Vice-presidente da Ecovale, Zeca Lula lembra do porque é tão importante preservar não só os animais, mas também o habitat deles: a região do Vale do Guaporé é o maior berçário dessas espécies em todo o mundo.
Ele ressalta, ainda, que o ser humano é o principal predador na região. “A caça da tartaruga, do tracajá, do peixe, e até do ovo da gaivota, é imensa no Vale do Guaporé. Neste ano, o Ibama conseguiu fazer duas apreensões de pessoas com animais, mas algumas conseguiram se safar e não foram pegas”, afirmou Zeca Lula, em entrevista à REVISTA CENARIUM.
“Uma dúzia de ovos de tracajá, na cidade, custa em torno de R$ 30. Um tracajá, é em torno de R$ 80 e uma tartaruga, cerca de R$ 300. Então, é muito interessante para o infrator vir capturar esses animais. E nem sempre o Ibama, a Polícia Ambiental ou a Sedam conseguem capturá-los”, lamentou o ambientalista.
O ambientalista, fundador e vice-presidente da Associação Comunitária Ecológica do Vale do Guaporé (Ecovale) (Caique Brilhante/Reprodução)
Das praias para as águas
De acordo com a Ecovale, apenas um de cada mil filhotes sobrevive nos rios.
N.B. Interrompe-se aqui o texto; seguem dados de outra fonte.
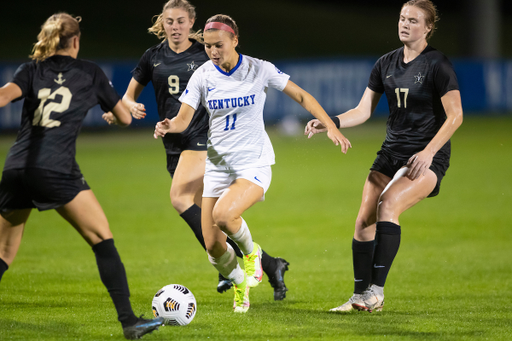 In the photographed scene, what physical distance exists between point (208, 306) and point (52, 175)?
6.64 ft

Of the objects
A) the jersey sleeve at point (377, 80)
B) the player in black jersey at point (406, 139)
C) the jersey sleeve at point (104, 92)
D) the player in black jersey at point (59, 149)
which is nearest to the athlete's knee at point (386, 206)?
the player in black jersey at point (406, 139)

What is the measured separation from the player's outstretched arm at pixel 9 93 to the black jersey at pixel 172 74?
1967 mm

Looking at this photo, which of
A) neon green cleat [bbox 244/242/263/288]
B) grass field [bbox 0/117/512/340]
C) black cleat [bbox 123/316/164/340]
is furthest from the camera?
neon green cleat [bbox 244/242/263/288]

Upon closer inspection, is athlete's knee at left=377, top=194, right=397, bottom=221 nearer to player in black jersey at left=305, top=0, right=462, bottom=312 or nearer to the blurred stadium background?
player in black jersey at left=305, top=0, right=462, bottom=312

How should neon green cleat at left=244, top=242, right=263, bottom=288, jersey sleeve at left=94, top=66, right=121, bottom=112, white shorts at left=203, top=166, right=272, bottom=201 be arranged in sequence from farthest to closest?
1. neon green cleat at left=244, top=242, right=263, bottom=288
2. white shorts at left=203, top=166, right=272, bottom=201
3. jersey sleeve at left=94, top=66, right=121, bottom=112

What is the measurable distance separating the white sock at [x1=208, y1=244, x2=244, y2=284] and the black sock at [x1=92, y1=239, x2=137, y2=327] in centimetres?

A espécie de manejo, realizada pelos voluntários da associação, aumenta a chance de sobrevivência das tartarugas em até 15%.
Por isso, eles monitoram e fiscalizam os ninhos até o nascimento dos quelônios. Quando os ovos eclodem, geralmente, 60 dias depois da desova, feita nas faixas de areia branca expostas nas margens do rio, a Ecovale transfere os filhotes para tanques onde ficam até perderem o odor característico que atrai predadores naturais. Finalizado esse processo, os bebês-tartaruga ganham liberdade.
Neste ano, centenas de pessoas se reuniram na praia Belo Oriente, na região de São Francisco do Guaporé, para prestigiar o show da natureza.
Em 2022, soltura de tartarugas do Vale do Guaporé aconteceu em uma praia da região do município de São Francisco do Guaporé (Caique Brilhante/Reprodução)
Para manter a continuidade, a ação tem apoio do Programa Quelônios da Amazônia, dirigido pelo Instituto Brasileiro do Meio Ambiente e dos Recursos Naturais Renováveis (Ibama). A Secretaria de Estado do Desenvolvimento Ambiental de Rondônia (Sedam-RO) e a Polícia Militar Ambiental (PMA) também auxiliam.
Preservação ambiental e cultural
Hoje, a Ecovale tem seis colaboradores fixos, mas não faltam voluntários, especialmente, na época de reprodução das tarturgas e soltura dos filhotes, como explica o fundador e vice-presidente Zeca Lula. São pessoas da sociedade civil, empresas, acadêmicos de universidades de Rondônia e de fora do Estado, além de organizações internacionais.
Centenas de pessoas se reuniram para prestigiar o show da natureza (Caique brilhante/Reprodução)
Os resultados desse sacerdócio voluntário em favor da vida e do meio ambiente vêm saltando ano após ano. Em 2019, foram 4 milhões de filhotes soltos. Em 2021, a conta aumentou para 10 milhões, até chegar aos 12 milhões deste ano.
“A tartaruga estava na lista vermelha, extremamente ameaçada de extinção e, graças ao nosso trabalho, não só o nosso, mas de outras pessoas, como acontece no Pará e no Amazonas, fizeram com que ela saísse da lista de extinção para a lista de animais vulneráveis”, explica o vice-presidente da Ecovale.
Zeca Lula diz que antes da existência da associação, não só as tartarugas, mas outras espécies de animais, como as gaivotas e os camaleões do Vale do Guaporé estavam desaparecendo. A associação nasceu em julho de 1999 e não parou mais os trabalhos.
“De lá para cá, a gente vem realizando um trabalho de recuperação das tartarugas e fazemos um trabalho socioambiental, também, com as comunidades ribeirinhas, quilombolas, além de um asilo na cidade de Cacoal, que nós ajudamos também”, concluiu Zeca Lula.
Consideradas as maiores tartarugas de água doce da América Latina, as tartarugas do Guaporé podem chegar a 1 metro de comprimento e passear até 75 quilos.